富士通 経営執行役 サーバシステム事業本部長 山中明氏

 「PRIMEPOWERが売れているのは、品質が認められたから」(山中氏)といった言葉には、こうしたかいぜんの実績への自信がうかがえる。開発も自社開発にこだわる。CPUもチップセットも自社開発、ミッションクリティカル技術は全機種共通で自社開発、などなど。もちろん、サン・マイクロシステムズ、インテル、マイクロソフト、レッドハット、オラクル、SAP、BEAシステムズ、ベリタスソフトウェアなどとの提携に言及し、「何もかも自社でやろうとするIBM」(山中氏)との違いを強調した。

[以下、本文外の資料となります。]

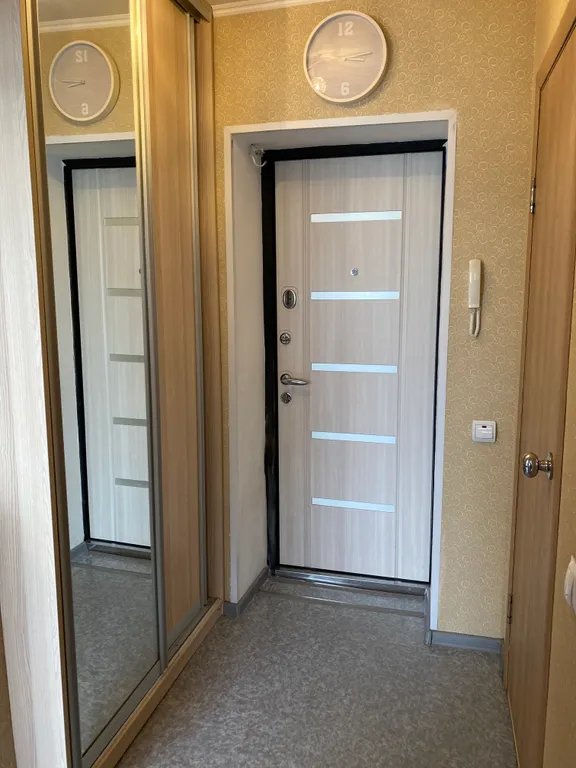 Квартира Апартаменты в центре — Калининград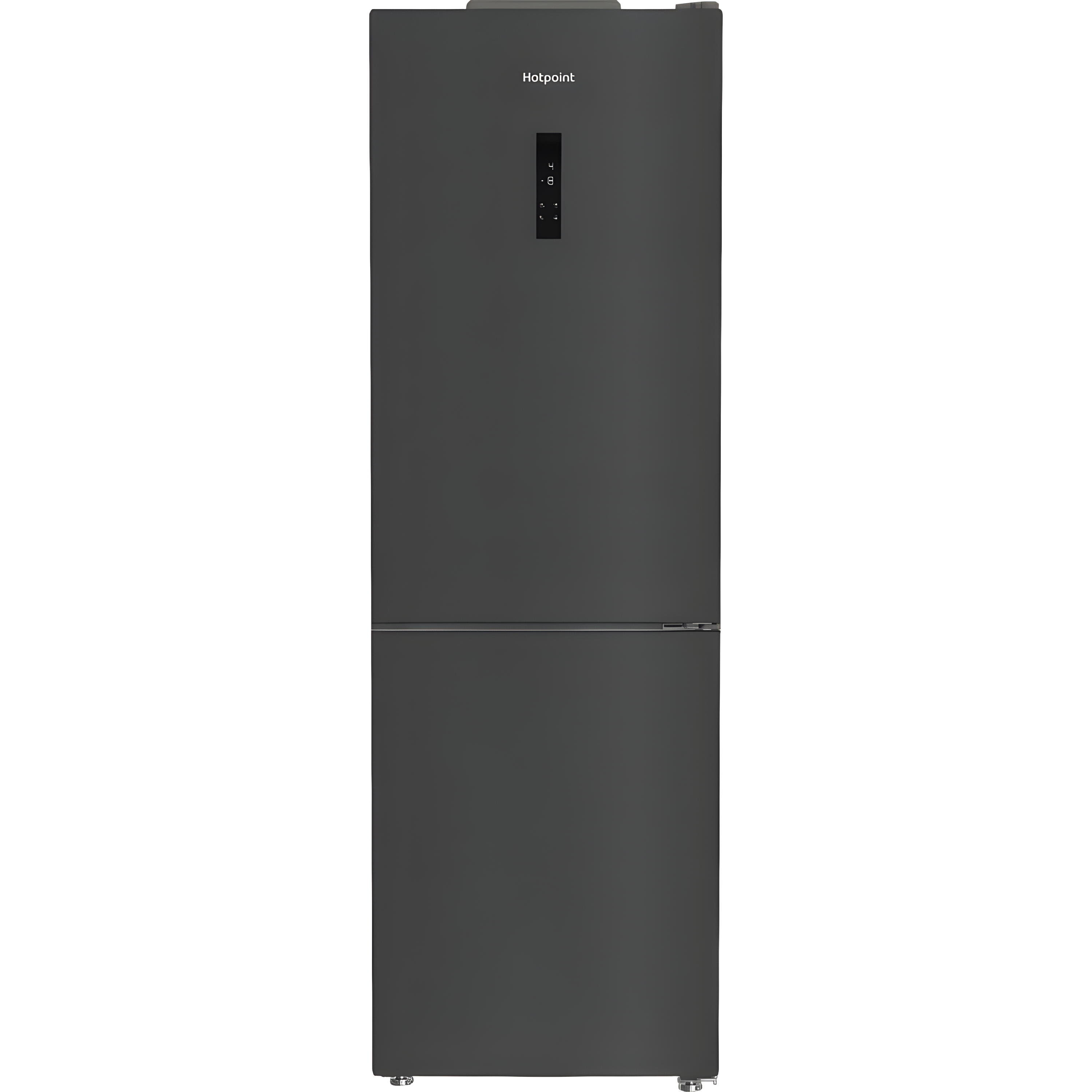 Hotpoint HPK 26363 XBR5UK - Dark Stainless Steel 316L Fridge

 世界を舞台にするのは、「ほかの国内メーカーと異なる」富士通独自の戦略と自負する。2003年の世界のサーバ市場シェアで、山中氏が示したグラフには1位IBM、2位ヒューレット・パッカード、3位サン、4位デルの後に富士通グループの名前がある(富士通シーメンスを含む)。2006年までのサーバ市場の平均成長率でいえば、世界全体では平均伸長率は4%。しかし日本だけだとマイナス3%。国内ではトップシェアを誇るが、国内だけでは現在は縮小している市場を奪い合う形になってしまう。しかし、世界市場は緩やかに伸びている。世界でシェアを取ってこそ、日本でも優位に戦える。そんな狙いが見える。

 そしてその中でもオープンサーバ(UNIX、Linux、Windows)をメインと位置付け、サーバ事業を引っ張ると見ている。同社が描く2006年のサーバ事業(連結ベース。ストレージなどの事業を含める)の売上高は2003年度の1.4倍となる約5000億円、営業利益率は7%を目指す(2003年度は6%。2004年度の予想は4%)。世界シェアも「あと2〜3ポイントは上乗せしたい」(山中氏)と語り、8〜9%程度を目標とする。

 具体的な製品のロードマップとして、メインフレームのGlobal Serverでは、GS21の後継機種を2006年に発売する。UNIX機であるPRIMEPOWERでは、90nm技術を使った1.89GHzのSPARC64 V搭載マシンを今年投入、来年にはサンとの製品相互供給を開始、翌2006年にはサンとの統合製品を発表する。IAサーバ(PRIMERGY)では、2005年に基幹系のIAサーバを投入する。

 さて、こうした戦略によって富士通はグローバルプレーヤーとして、米IBMを追撃できる日がくるのだろうか。